The Melcrum research revealed almost every area of internal communication is being re-examined in light of the recession such as strategy, how to reallocate money internally with smaller budgets and whether to scrap existing channels.
I think irreparable damage can be done by companies looking to make penny wise-pound foolish decisions and keep hearing cautionary tales from my peers. For example cutting channels such as printed magazines which may be the primary channel to engage frontline employees or choosing not to hold recognition events when employee morale is at rock bottom. These types of decisions could ultimately save money in the short term, yet cost untold amounts through the damage caused by the message that sends out to employees about investing in them.
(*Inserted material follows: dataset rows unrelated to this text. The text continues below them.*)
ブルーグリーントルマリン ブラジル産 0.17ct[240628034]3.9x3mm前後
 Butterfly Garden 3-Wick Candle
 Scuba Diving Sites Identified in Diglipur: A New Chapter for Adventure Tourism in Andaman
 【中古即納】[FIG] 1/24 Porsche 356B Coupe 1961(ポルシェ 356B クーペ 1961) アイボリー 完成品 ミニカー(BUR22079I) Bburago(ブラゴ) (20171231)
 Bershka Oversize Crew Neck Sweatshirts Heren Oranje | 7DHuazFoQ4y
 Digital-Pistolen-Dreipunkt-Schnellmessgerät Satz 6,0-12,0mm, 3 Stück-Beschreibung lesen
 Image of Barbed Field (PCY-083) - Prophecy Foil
From looking at the Melcrum research it seems clear to me that as communicators we need to keep value at the forefront of our minds and find ways to prove our worth and the worth of our channels to help keep employees motivated during these turbulent times. Letting our work speak for itself and finding ways to constantly highlight what would happen without communications functions or informed managers seems key.
What do you think? What is your experience? Are you defending the bread and butter staples in the diet of your organisation? Do you have a strategy in place and know what you would defend and what you would be prepared to negotiate on?
I’ll let Bill Quirke have the last say in my musings on credit crunch comms with his cautionary statement on communicators: “They have not escaped the value-for-money test. Their reputation is fragile – communicators need to define, deliver and demonstrate their value to organisations, and not simply deliver messages.”
Stark words and definitely food for thought.